▸ Work instructions:
Only the lines from the one holding "Lake Round Luxury House" through the end of the material are to be repeated, exactly and without pictures.

▸ Data shown:
§

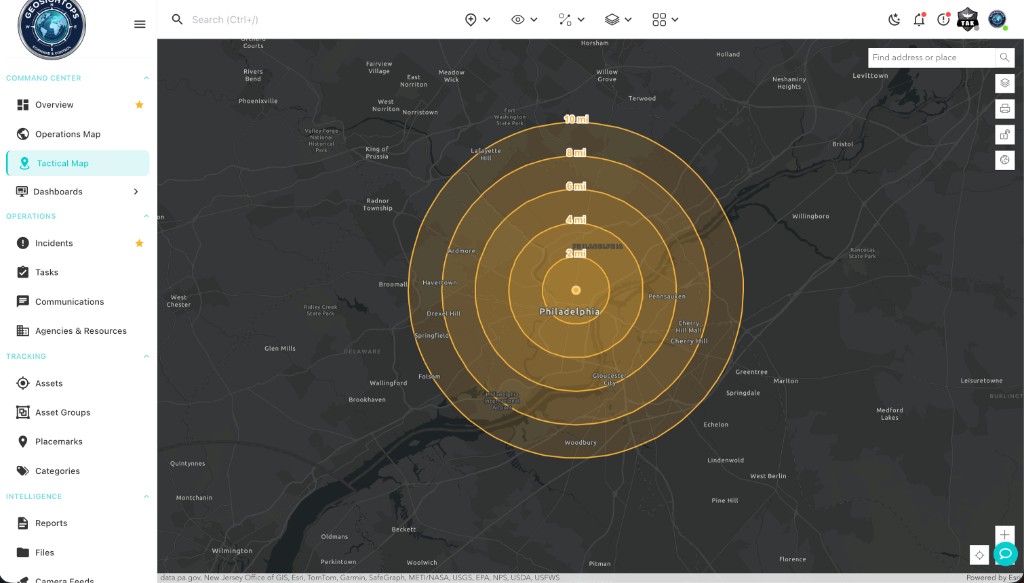 Range rings at 2–10 miles, Philadelphia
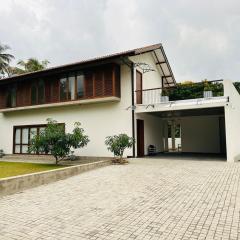 Lake Round Luxury House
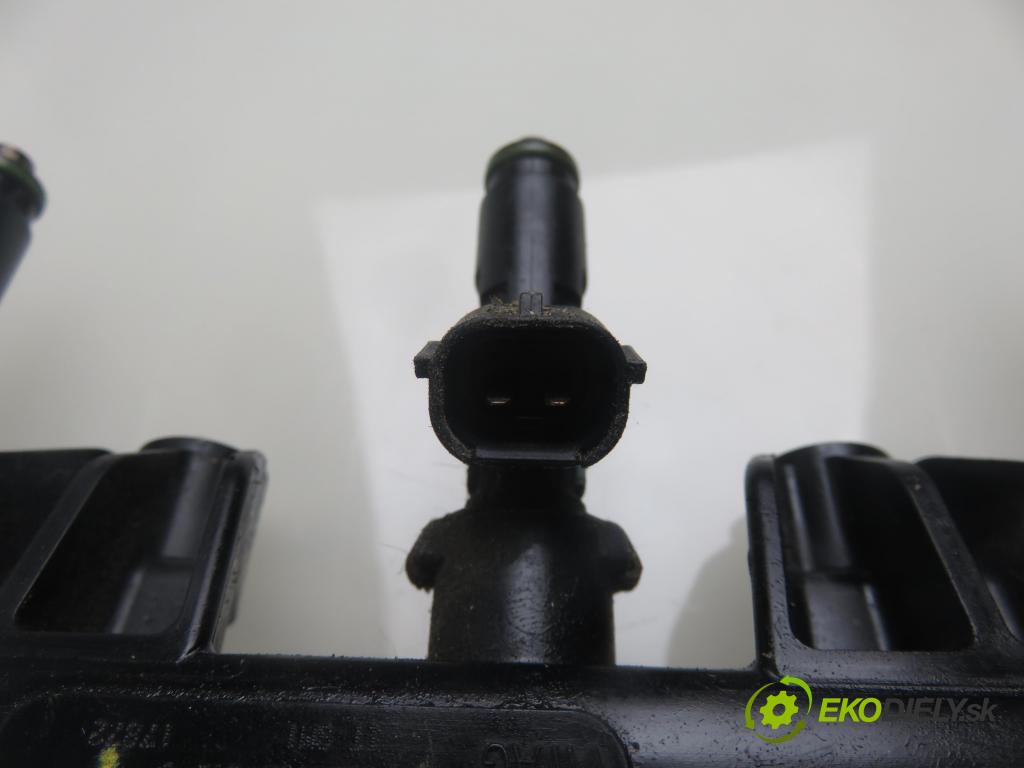 VW FOX (5Z1, 5Z3) HB 2007 40,00 1.2 - BMD 1198,00 Lišta vstrekovacia 03D906031F ; 03D133319J ; 03D133329B (Vstrekovacie lišty)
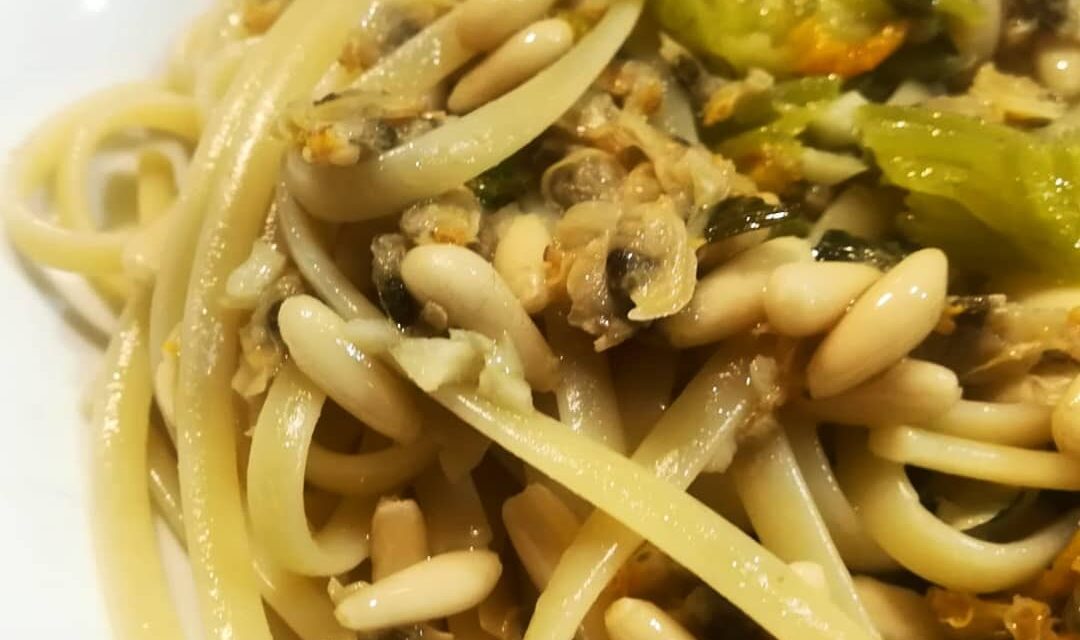 LINGUINE ALLE ARSELLE CON FIORI DI ZUCCA E PINOLI DELLA MONICA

§

▸ Response to this task:
 Lake Round Luxury House
 VW FOX (5Z1, 5Z3) HB 2007 40,00 1.2 - BMD 1198,00 Lišta vstrekovacia 03D906031F ; 03D133319J ; 03D133329B (Vstrekovacie lišty)
 LINGUINE ALLE ARSELLE CON FIORI DI ZUCCA E PINOLI DELLA MONICA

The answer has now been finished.